Here you can find several collection points in Vienna.

It is worth pointing out that delivery to those sites can only be made by cars with Viennese license plates, on foot or by bicycle. Furthermore, no trailers or company cars are allowed to leave trash at these collection points.

What can you bring to the collection centres?

This is the place to bring large sheets of plastic foil, bulky or large metal parts and electrical appliances, for example.

Additionally, you can bring small amounts of bulky waste, wood, styrofoam, large cardboard boxes, green waste and used tires to any waste collection centres.

Depending on what you are disposing of, you might need to go to the Rinter centre, one of the larger ones.

READ ALSO: Hasta la mista, baby? How to vote for your favourite Vienna trash can joke

The centres also have a separate division where it is possible to donate old items still in good condition, the so-called 48er-Tandler-Box.

Tableware, small furniture, electrical appliances, clothes, toys and other items can be reused and bought at a low price at the 48er-Tandler reuse shop.

Most centres are open only from Monday to Friday during business hours, but others are also available on Saturdays.
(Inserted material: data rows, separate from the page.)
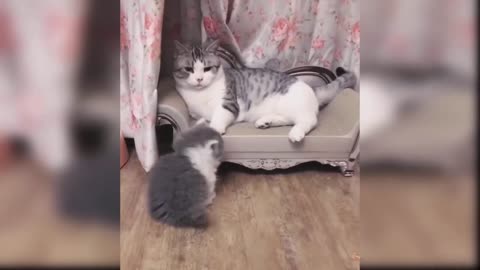 Funny cat videos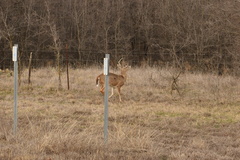 Odocoileus virginianus texanus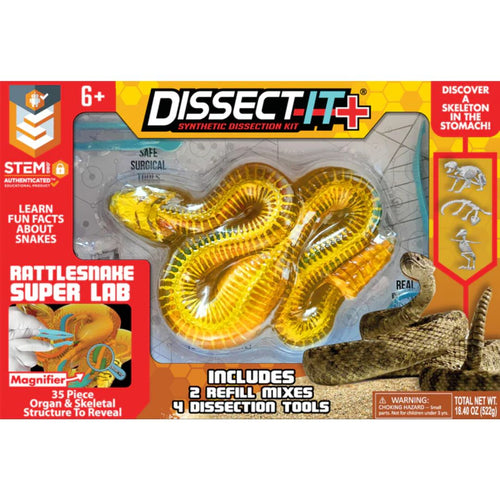 Top Secret Toys Dissect It: A Synthetic Rattlesnake Dissection Kit, Hands-On STEM Learning for Kids, Ages 6+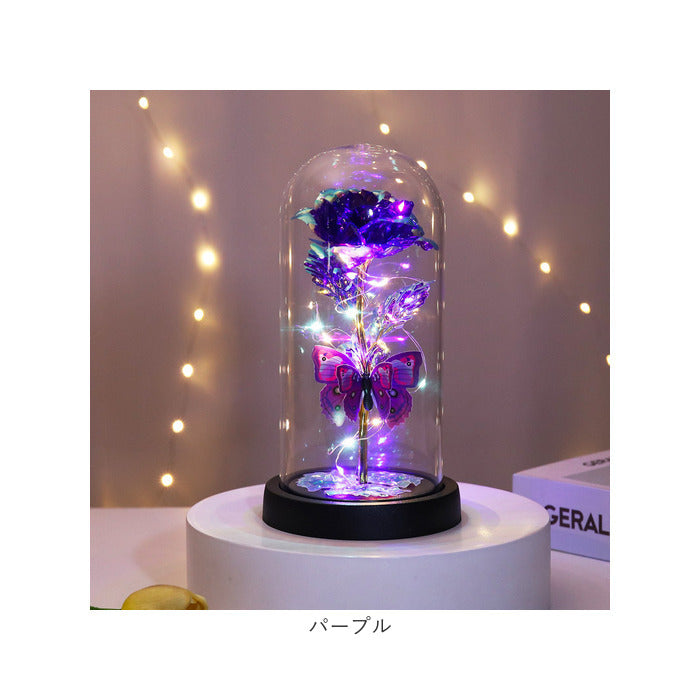 Backyard Family Glass Dome Decoration Stylish with LED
What to do if I don’t have a car?

If you don’t need a car but still need to dispose of a large appliance, the Viennese solution varies.

Some will take public transport with a couple of friends trying to help them carry an old sofa via the u-bahn, although that can get a little tough at peak hour. 

Alternatively, you can borrow or rent a vehicle to try and save costs.

READ ALSO: The downsides of Vienna you should be aware of before moving there

But Vienna City also has a service that will pick up the trash for a low fee – even if it is located in the attic, a basement or a courtyard.

It’s the Entrümpelungsdienst und Sperrmüllabfuhr der MA 48. You can also ask for the “dump service” when the city of Vienna brings a trough (the smallest can fit 12 cubic meters).

Once you fill it up, they will remove it and take it to the appropriate place.

Costs will depend on the amount of trash, the size of the appliance, and where in the household it is located.